- **What you need to do**: Reproduce the material below only from the line with "Szafka łazienkowa LOFT" to the line with "Business professionals analyzing", both included, keeping each line exact and dropping the pictures.

- **Input data**:
►

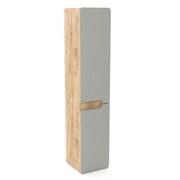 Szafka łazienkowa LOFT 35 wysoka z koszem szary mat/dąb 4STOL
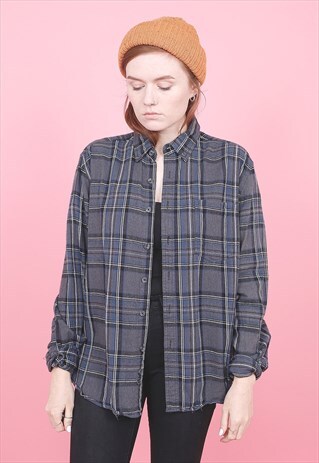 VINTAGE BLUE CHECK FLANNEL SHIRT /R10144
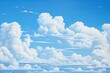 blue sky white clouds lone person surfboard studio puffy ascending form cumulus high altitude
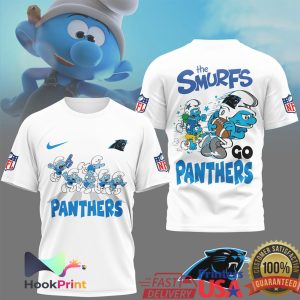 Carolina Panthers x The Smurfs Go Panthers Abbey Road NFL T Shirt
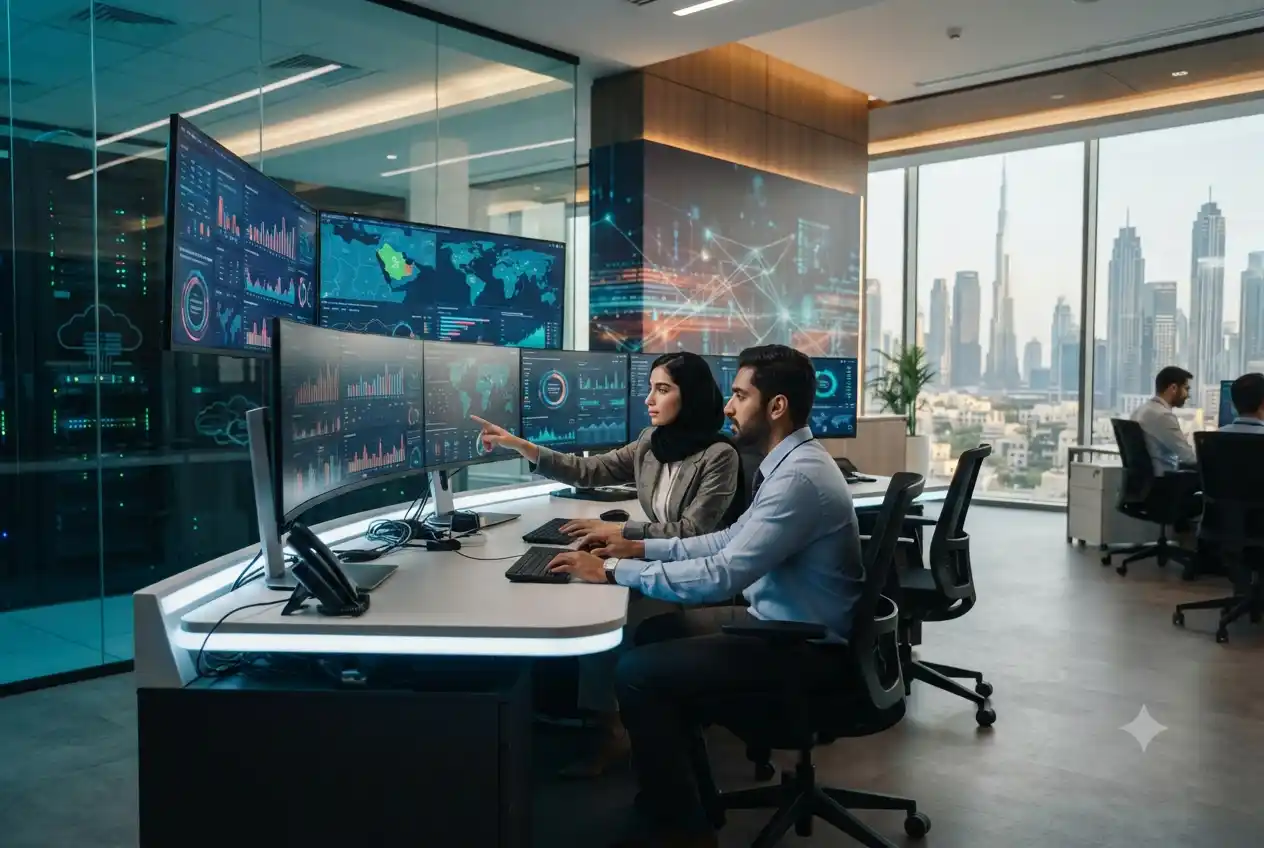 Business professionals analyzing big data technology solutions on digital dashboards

◄
►

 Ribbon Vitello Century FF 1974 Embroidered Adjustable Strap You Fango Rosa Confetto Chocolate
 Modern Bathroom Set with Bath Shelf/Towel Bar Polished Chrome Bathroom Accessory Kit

◄

- **Final answer**:
 Szafka łazienkowa LOFT 35 wysoka z koszem szary mat/dąb 4STOL
 VINTAGE BLUE CHECK FLANNEL SHIRT /R10144
 blue sky white clouds lone person surfboard studio puffy ascending form cumulus high altitude
 Carolina Panthers x The Smurfs Go Panthers Abbey Road NFL T Shirt
 Business professionals analyzing big data technology solutions on digital dashboards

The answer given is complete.